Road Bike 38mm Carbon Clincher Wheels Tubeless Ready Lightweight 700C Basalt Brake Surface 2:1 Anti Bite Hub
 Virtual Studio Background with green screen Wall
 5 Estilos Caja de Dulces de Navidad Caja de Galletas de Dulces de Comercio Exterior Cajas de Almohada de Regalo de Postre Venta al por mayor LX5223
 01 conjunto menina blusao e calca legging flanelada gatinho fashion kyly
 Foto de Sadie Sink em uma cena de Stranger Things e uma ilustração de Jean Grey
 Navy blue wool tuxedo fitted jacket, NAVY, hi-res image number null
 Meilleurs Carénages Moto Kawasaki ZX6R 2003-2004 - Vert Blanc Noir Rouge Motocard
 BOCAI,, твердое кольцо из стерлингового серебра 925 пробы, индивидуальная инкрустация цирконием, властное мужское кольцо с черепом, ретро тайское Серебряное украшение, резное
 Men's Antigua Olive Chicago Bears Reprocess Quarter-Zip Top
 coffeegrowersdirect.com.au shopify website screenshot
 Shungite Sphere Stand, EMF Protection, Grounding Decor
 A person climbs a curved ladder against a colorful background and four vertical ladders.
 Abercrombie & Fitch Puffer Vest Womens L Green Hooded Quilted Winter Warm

____

● The problem
Extract the lines above, from the first one through the one containing "Meilleurs Carénages Moto", and return only those, unchanged.

● Task solution
Road Bike 38mm Carbon Clincher Wheels Tubeless Ready Lightweight 700C Basalt Brake Surface 2:1 Anti Bite Hub
 Virtual Studio Background with green screen Wall
 5 Estilos Caja de Dulces de Navidad Caja de Galletas de Dulces de Comercio Exterior Cajas de Almohada de Regalo de Postre Venta al por mayor LX5223
 01 conjunto menina blusao e calca legging flanelada gatinho fashion kyly
 Foto de Sadie Sink em uma cena de Stranger Things e uma ilustração de Jean Grey
 Navy blue wool tuxedo fitted jacket, NAVY, hi-res image number null
 Meilleurs Carénages Moto Kawasaki ZX6R 2003-2004 - Vert Blanc Noir Rouge Motocard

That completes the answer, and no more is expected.